Sering Tumpang Tindih, Regulasi Pemda Perlu Ditinjau Dengan e-Perda
Tumpang tindih regulasi hingga peraturan yang sudah tidak relevan mengganggu jalannya birokasi di tingkat pemerintahan daerah. Teknologi informasi seperti E-Perda diharapkan bisa mengatasi masalah tersebut.
Oleh
MACHRADIN WAHYUDI RITONGA
·3 menit baca
BANDUNG, KOMPAS – Peraturan daerah yang tumpang tindih mengganggu jalannya birokrasi. Untuk itu, dibutuhkan penerapan teknologi informasi untuk merancang dan meninjau produk hukum yang ada.

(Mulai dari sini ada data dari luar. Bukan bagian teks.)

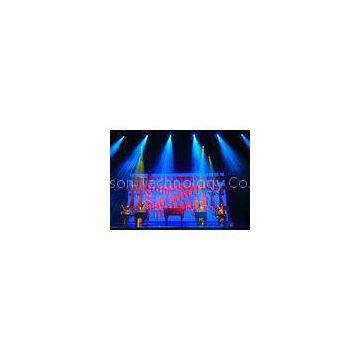 1R1G1B P3.91 Indoor Rental LED Display Wall Video Hire Long Life Time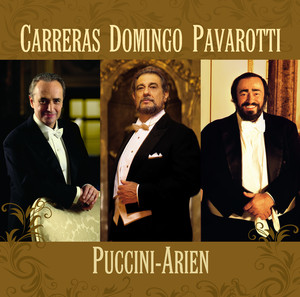 Puccini-Arien album
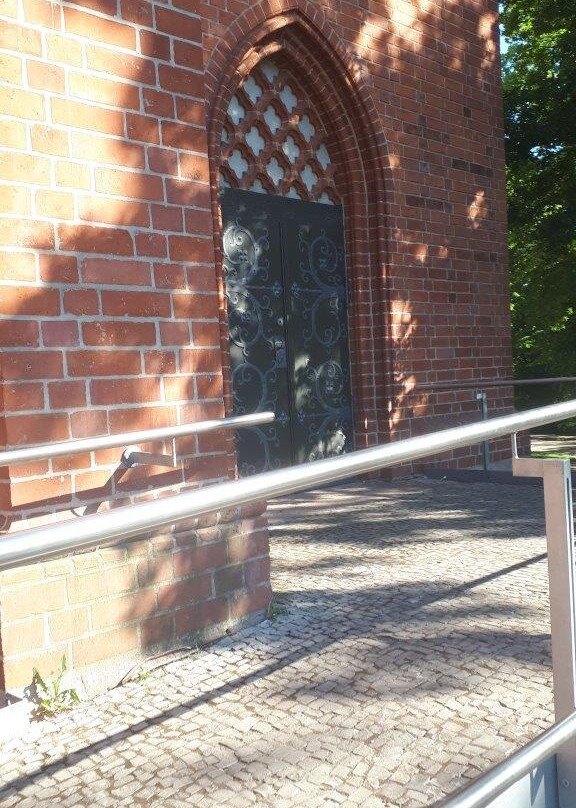 St. Paulus Church-哥廷根必去景点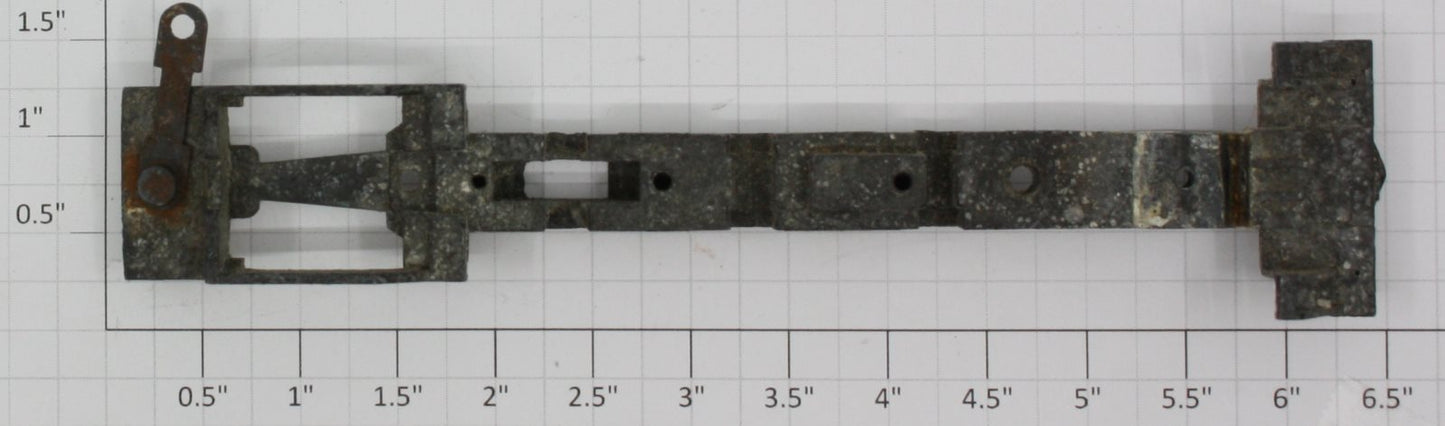 Lionel 625-11 HO Frame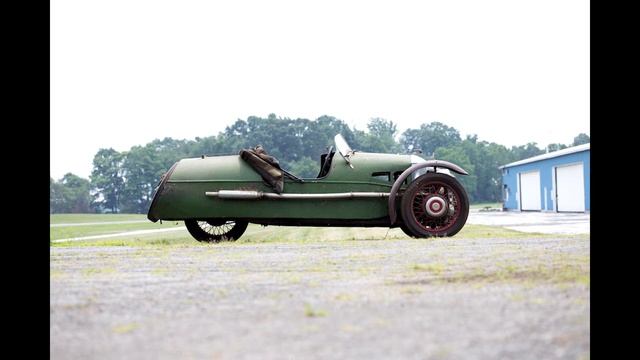 ?Трицикл Morgan Tree Wheeler?! смотреть онлайн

Direktur Jenderal Otonomi Daerah Kementerian Dalam Negeri Akmal Malik menyatakan, banyak peraturan daerah yang berlaku saat ini belum dievaluasi dan dianggap mengganggu kinerja. Padahal, regulasi yang efektif dan efisien dari pemerintah daerah dibutuhkan agar layanan ke masyarakat bisa optimal.
“Kita sudah mengalami istilahnya keracunan regulasi. Ratusan ribu regulasi sudah dibuat, tapi tidak tahu apakah masih layak untuk dipakai. Kami melihat dan mengidentifikasi, ketika ada pemda yang lamban, prosedur berbelit, tidak inovatif, ini menjadi ciri keracunan regulasi,” ujar Akmal dalam peluncuran e-Perda Provinsi Jawa Barat yang disaksikan secara daring di Bandung, Jumat (16/4/2021).
Untuk mengatasi kondisi tersebut, Akmal menjelaskan, Kemendagri meluncurkan aplikasi digital e-Perda. Teknologi informasi ini bertujuan membantu pemda mendeteksi norma dan produk hukum yang dibuat berdasarkan kebutuhannya.
Menurut Akmal, regulasi di tingkat daerah perlu diperhatikan karena menjadi landasan hukum setiap organisasi perangkat daerah (OPD) dalam melayani masyarakat. Karena itu, produk hukum yang dibuat dengan efektif dan efisien serta tidak tumpang tindih dengan aturan lainnya.
Dengan aplikasi ini, tutur Akmal, produk-produk hukum yang dibuat pemda mampu dievaluasi. Teknologi e-Perda akan melihat sejauh mana rancangan peraturan hingga yang telah ada ini berkaitan dengan produk hukum lainnya.
“Tidak hanya untuk mempermudah tata kelola, aplikasi ini juga bisa mendeteksi norma antara produk hukum yang satu dengan yang lain. Bisa saja sudah diatur oleh regulasi yang lebih tinggi, atau bahkan bertentangan dengan yang lebih tinggi,” ujarnya.
Kondisi ini bisa menghambat birokrasi dalam pemerintahan. Karena itu, Akmal menyatakan, aplikasi ini mampu menjadi solusi tepat melahirkan produk hukum yang membantu kinerja perangkat daerah dalam melayani publik. “Kita butuh kecepatan. Sementara itu, kebutuhan masyarakat adalah hal yang tidak bisa diabaikan,” ujarnya.
Gubernur Jabar Ridwan Kamil menyambut baik peluncuran aplikasi birokrasi e-Perda. Jabar menjadi daerah kedua setelah Provinsi Banten dan menjadi salah satu proyek percontohan. Hal ini sejalan dengan keinginan Jabar untuk menjadi provinsi digital yang maju di Indonesia.
Kamil berharap e-Perda bisa menyelesaikan setidaknya lima permasalahan di dalam regulasi. Problem ini antara lain hyper regulation, tumpang tindih, inkonsistensi, multitafsir, dan disharmoni.
Kamil menjelaskan, hyper regulation terjadi karena jumlah perda menjadi ukuran produktivitas, sehingga semua aturan dibuat perda. Padahal, jika ada pengamatan lebih lanjut, tidak menutup kemungkinan ada produk hukum yang telah mengaturnya. Hal ini juga berdampak pada empat masalah lainnya.
“Kami akan berkomitmen menjalankan e-Perda dan seluruh 27 kabupaten dan kota mulai tahun 2021 akan menggunakan aplikasi ini. Semua ini diharapkan bisa memudahkan koordinasi sehingga tidak multitafsir, dan terintegrasi dengan kementerian lembaga lainnya,” ujar Kamil.